Nov 15, 2011
I cannot do true justice to the plight of the masses during the Great Inflation of the Weimar Republic. Nor can I give much informed insight to the scenes played out across the Zimbabwe countryside as that country plunged through the currency abyss. However, let me take this question as an opportunity to provide my best guess as to what would happen here on the wonderful shores of the USA if the dollar were to experience a sudden and violent devaluation.
Now if we awoke in a world where #atrilliondollarswillbuyyou trended by 8am, then I bet by 12 pm it would be joined by #teambigtitties, #itsrainingcrack, and #yeahbutatleastididntsaveit to round out the top twitter trends for that day, probably the following week and certainly much of the foreseeable future . Already today, it would be no shock to describe our society as one already predisposed to minimize savings in order to maximize consumption. If the concept of saving were actually to become value destructive, as it would be in the case of hyperinflation sown from the seeds of rapid currency devaluation, then I’m afraid we will finally bear witness to the dogs of consumption unleashed.
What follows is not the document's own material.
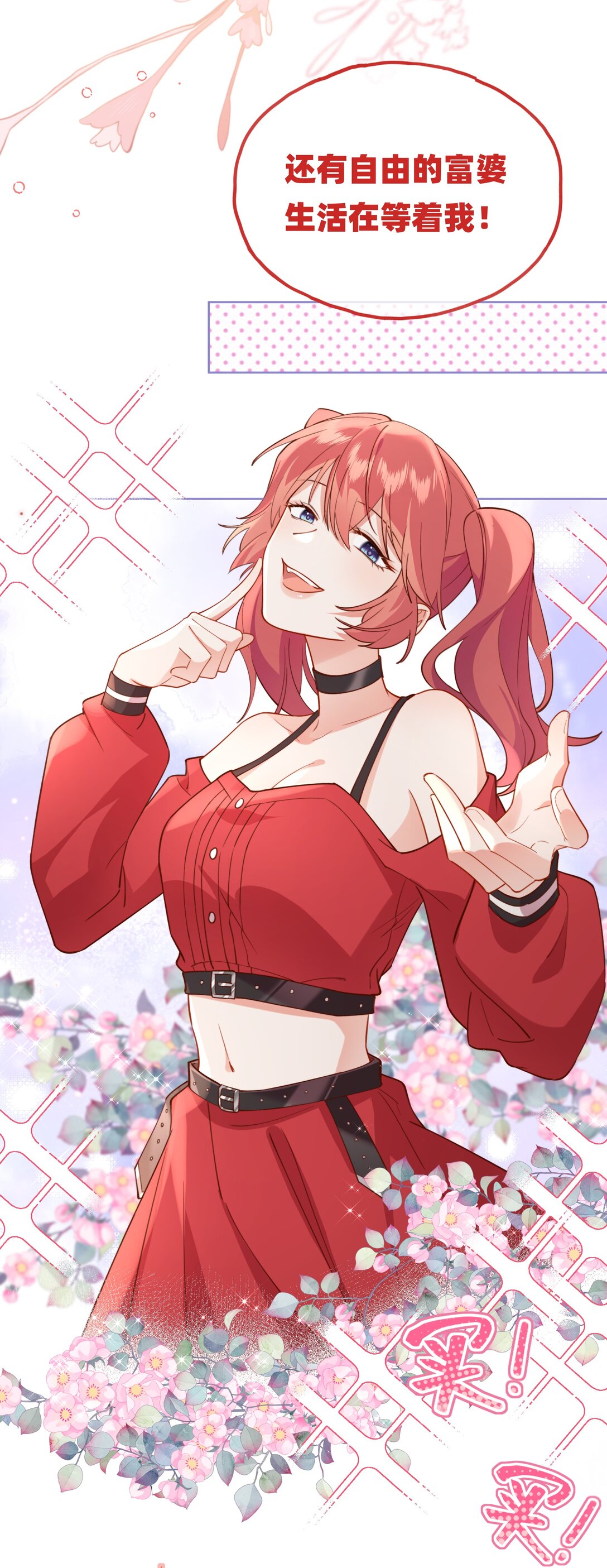 015 侦探：这人是个黑的！-第17话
If the dollar were to quickly devalue,it would jolt the economy with a more than healthy dose of inflationary pressure. So much inflation that if left unchecked,the country would enter a hyper inflationary cycle. In a hyper-inflationary environment, price levels experience exponential-esque growth from the self-perpetuating effects of a mass currency sell-off. Like some others have posited, in this type of environment the only rational move is to flee the currency and into anything else that has some physical value. While the logical choice to many on Wall Street would be to buy gold or silver, we know better to think that that logic holds any jurisdiction over our lands, especially when it is plunged into chaos. If hyperinflation were to take hold, then the regular person will walk out their door, and find anything that isnt nailed into the ground to exchange for money.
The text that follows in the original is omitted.